Kisah Sutan Sjahrir nyaris selalu ditarik ke Bandung. Kota ini kerap disebut panggung awal yang menentukan.
Di sanalah karakter politiknya mulai terbentuk. Ia datang sebagai remaja 17 tahun, melanjutkan studi di AMS (Wikipedia).
Tiga tahun ia bersekolah di sana, sambil aktif di berbagai organisasi. Cerita semacam ini sudah telanjur populer.
Bandung digambarkan sebagai kawah candradimuka yang menempa Sjahrir, salah satu pendiri bangsa.
Tapi apa sesederhana itu? Mungkin ada bagian yang dibesar-besarkan.
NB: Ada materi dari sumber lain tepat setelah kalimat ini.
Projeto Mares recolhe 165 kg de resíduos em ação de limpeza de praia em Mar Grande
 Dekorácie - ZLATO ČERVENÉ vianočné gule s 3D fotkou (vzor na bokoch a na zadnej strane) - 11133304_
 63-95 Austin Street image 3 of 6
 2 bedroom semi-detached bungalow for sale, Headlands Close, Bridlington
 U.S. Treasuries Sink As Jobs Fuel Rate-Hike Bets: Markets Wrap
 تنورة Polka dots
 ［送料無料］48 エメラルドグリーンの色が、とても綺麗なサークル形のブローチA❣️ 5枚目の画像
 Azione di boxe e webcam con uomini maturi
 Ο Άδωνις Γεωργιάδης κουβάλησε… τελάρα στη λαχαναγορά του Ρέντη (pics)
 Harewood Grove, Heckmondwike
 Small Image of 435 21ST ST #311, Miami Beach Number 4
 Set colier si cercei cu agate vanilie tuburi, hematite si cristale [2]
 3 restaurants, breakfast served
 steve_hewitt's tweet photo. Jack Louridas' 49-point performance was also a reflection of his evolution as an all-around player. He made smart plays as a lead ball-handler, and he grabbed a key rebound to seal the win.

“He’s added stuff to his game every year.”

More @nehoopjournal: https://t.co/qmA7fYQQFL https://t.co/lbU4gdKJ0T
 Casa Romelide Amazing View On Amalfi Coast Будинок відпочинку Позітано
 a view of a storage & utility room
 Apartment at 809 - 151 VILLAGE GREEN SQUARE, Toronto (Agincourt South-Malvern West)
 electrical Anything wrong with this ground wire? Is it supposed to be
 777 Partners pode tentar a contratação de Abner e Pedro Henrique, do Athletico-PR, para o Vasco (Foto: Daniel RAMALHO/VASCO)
Bandung memang penting, itu jelas. Di sana Sjahrir muda bersentuhan dengan dunia pergerakan dan mengasah intelektualitasnya (Pustaka Kebudayaan Kemdikbud).
Namun cara pikirnya lahir dari perjalanan panjang. Pemikiran politiknya makin matang dan rumit seiring waktu.
Pengalamannya di Belanda kerap disebut lebih membentuk. Ia menyerap gagasan sosialis dari Eropa, sehingga wawasannya melebar ke tingkat global.
Lalu ada masa pembuangan di Digoel, tempat ide-idenya diuji habis-habisan. Bandung tetap bab awal yang krusial, hanya saja bukan keseluruhan bukunya (Kompas.id, 2023).
Ada pula kisah-kisah heroik dari masa Bandung. Salah satunya tentang keberaniannya menegur Sukarno dalam sebuah forum pemuda, padahal Sukarno lebih senior (Historia.id).
Cerita ini sering dipakai untuk menegaskan watak Sjahrir yang tegas dan tak pandang bulu. Tetap saja, kita perlu bersikap kritis.